As Ali Rizvi recently wrote, it is no longer just speculation that Hamas puts its own citizens in harm’s way. Hamas own spokesperson called the human shield strategy “very effective.” And effective it has been, because Israel is now being perceived as sanctioning civilian casualties.

What France reminded us is that the Jewish homeland is now the entire planet. When threats to Jewish people living in Europe start escalating into episodes not seen there since World War II, it should cause very serious concern to everyone.

Israel: Even if you are in the right, you are not being perceived that way. And if Jews throughout the world start suffering because of your policy decisions, that might be a signal it really is time to try something different. Followers of a religion are getting blamed and punished for the behavior of a nation on whose ground the vast majority have never stood.

Combine this with the hard-to-ignore reality that a half-century long generally unchanging strategy of national defense has failed to achieve peace.
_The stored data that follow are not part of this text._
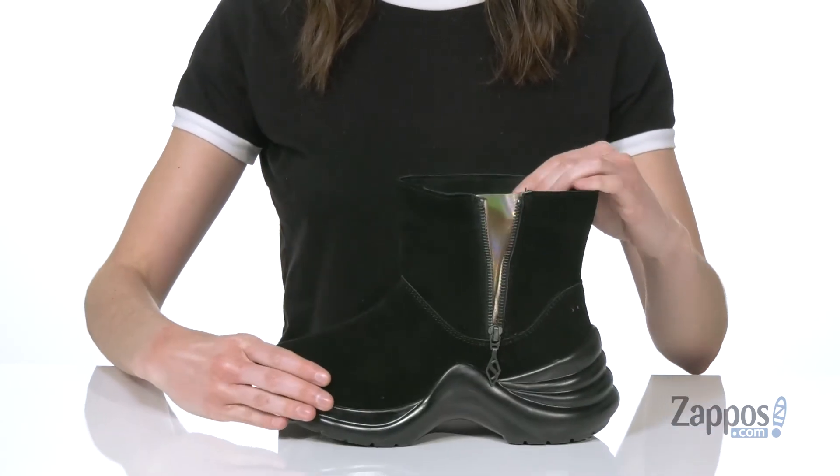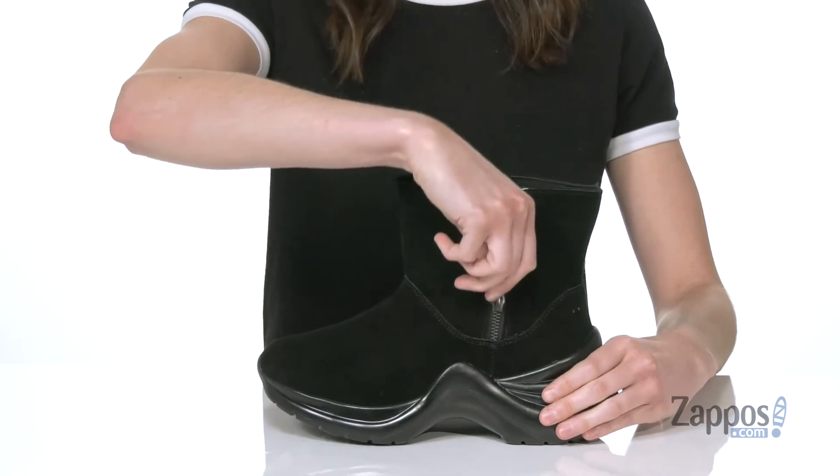And a lightly padded footbed down at the bottom there, and it all sits on top of a rubber outsole underneath. Grab this fun style from Skechers.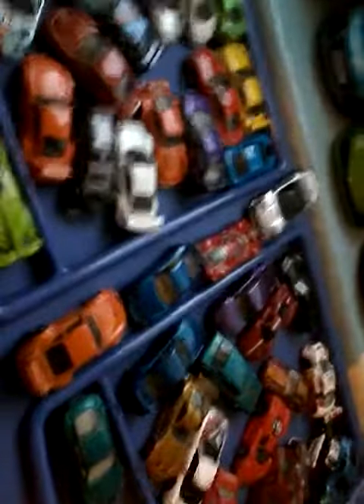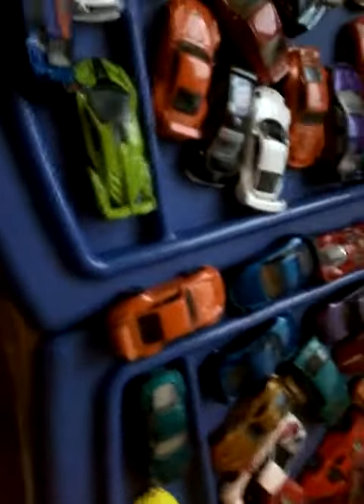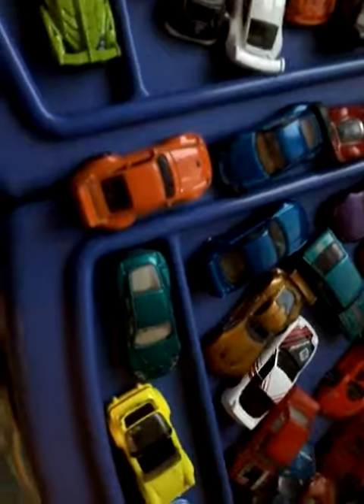I'm doing another Hot Wheels Reviews video. I'm going to pick the... I'm going to do the McLaren 720S.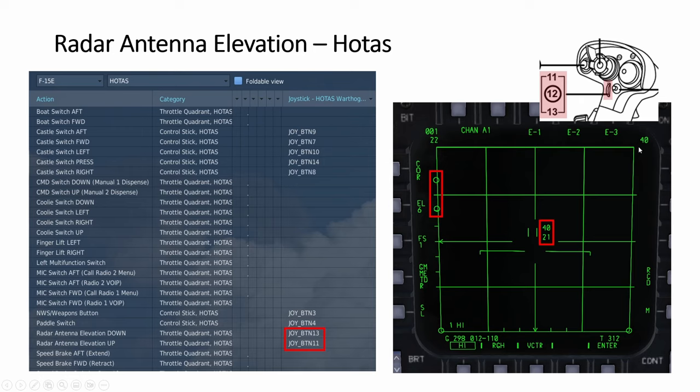This range scale you cannot bind to anything. You have to move the acquisition symbol — keep moving it up and it will cycle through 10, 20, 40, 80, 160, and so on; move it down and the number decreases. Unfortunately we cannot bind this to anything that I'm aware of — it's definitely not appearing in the bindings. So the scrolling slider is just to move the radar elevation up or down, not to increase the range.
While it is not fair or right to blame Israel solely for this reality, it remains, nonetheless, reality.

Ripple effects that can no longer be ignored have collided with the definition of insanity.

It is time for a Palestinian state. There is simply no other solution that takes not only the Palestinians (and the support they have all over the world) into account, but also the Israelis themselves and, now, Jews throughout the world as well. Support for a two state solution is not synonymous with support for Hamas.

What is the difference between a peace treaty with Hamas leading Palestinians and a peace treaty with Hamas leading Palestine? If the State of Palestine attacked Israel, the international community would have no choice but to support Israel and, perhaps, increase internal support for Fatah instead of Hamas. When a bunch of poor, starving, Palestinians fight for their freedom, and die by the thousands, the choice is far more ambiguous.

It is never easy to hold oneself to a higher standard, especially when surrounded by others who will exploit it. But as the US has learned through the Iraq invasion and the torture discussions of the last decade, one wrong move by a nation who aspires to be better can obliterate its claims to the moral high ground.

Like the US, Israel holds itself to a higher standard. But innocent civilians keep dying and the perception of blame continues to shift. And if July 23rd becomes a common theme rather than a solitary event, maybe Israel will start looking at other solutions and finally find a way to lead the way to a lasting peace.